La pusieron no hace mucho en la 1.

Alb piensa en esta película porque una frase de esta película le rondó la cabeza durante todo su viaje mexicano: “He visto todas las posibilidades, y en todas acaba mal.”

Alb, en la feria internacional del libro de Guadalajara, vio todas las posibilidades. Estaba él, un autor poco conocido, pero prometedor; estaba Juan Manuel de Prada, autor reconocido y de un lado; estaba Juan José Millas, autor reconocido y del otro lado; estaban autores que viajaban en primera clase; estaban autores como Gamoneda, que recibían fastuosos homenajes; estaban autores menos conocidos que Alb; estaban autores que sin estar estaban: Mario Vargas Llosa.

Y Alb pensó que él podía ir hacia alguno de esos sitios, ocupar una de esas casillas, como por ejemplo la silla metálica de Juan José Millás donde firmaba libros, o el sillón emérito de Gamoneda, donde todo el mundo le daba la razón finalmente.
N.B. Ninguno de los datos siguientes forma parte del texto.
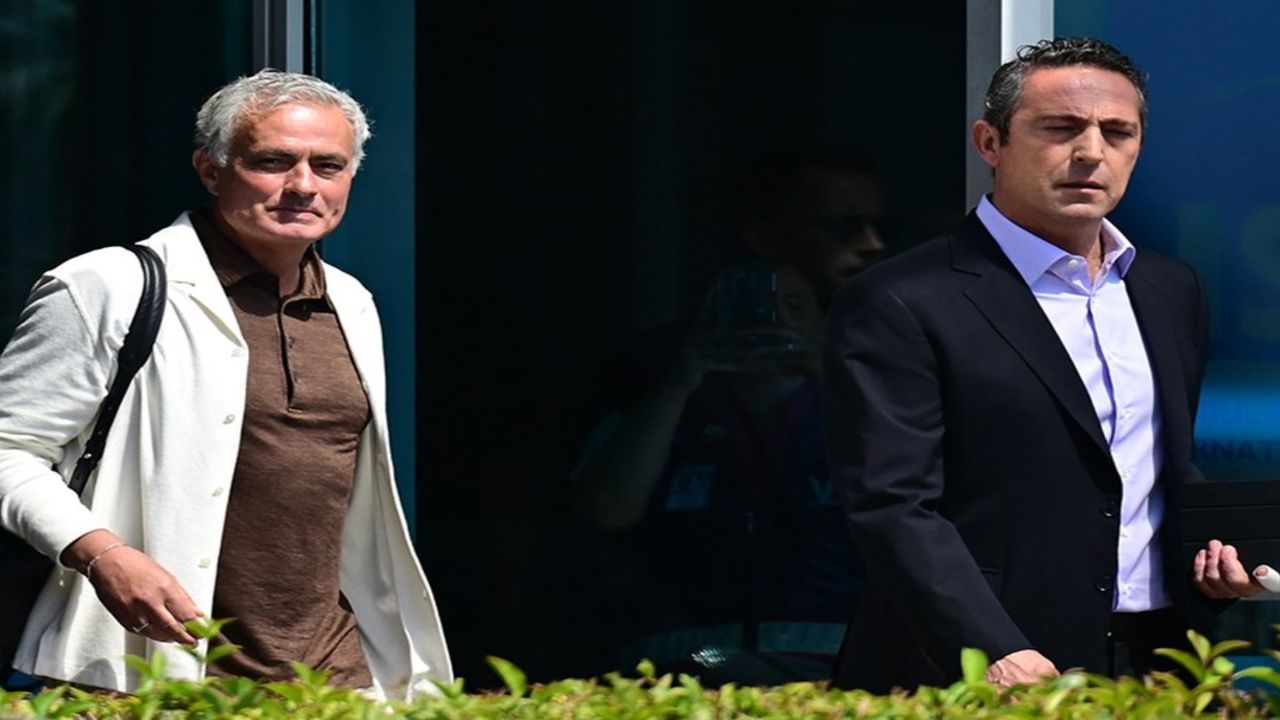 Jose Mourinho İstanbul'da! Fenerbahçe taraftarını havalimanında selamladı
Y en eso pensó Alb, en un futuro, muy lejano, cuando tuviera 80 años, cuando le hicieran un homenaje por toda una vida dedicada a la literatura, un homenaje que, realmente, no era otra cosa que ver a todo el mundo dándote la razón, diciéndote, sí, tío, sí, señor, sí, ilustre escritor, usted tenía razón en todo lo que escribió, su obra es inmortal, nadie pone en duda ni una coma, reciba nuestro beneplácito eterno.
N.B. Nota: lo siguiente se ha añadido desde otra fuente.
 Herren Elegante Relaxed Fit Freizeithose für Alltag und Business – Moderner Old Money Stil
Y esa perspectiva, la de un momento en el que todo el mundo le diera la razón, le pareció a Alb inmensamente triste.

Pero ese era el punto más alto al que llegaría como autor en toda su vida: a un homenaje cuando las arrugas le impidieran bailar, y la artrosis le impidiera bailar, y la curvatura de la vejez le impidiera bailar. Un homenaje.

Alb no le va a bailar, pero en los alrededores del baile es donde está la literatura, porque siempre hay alguien que puede invitarte a salir a la pista, y esa posibilidad es ahora, sentenció Alb, y ahora es el momento, sentenció, y ya no necesito que nada más suceda.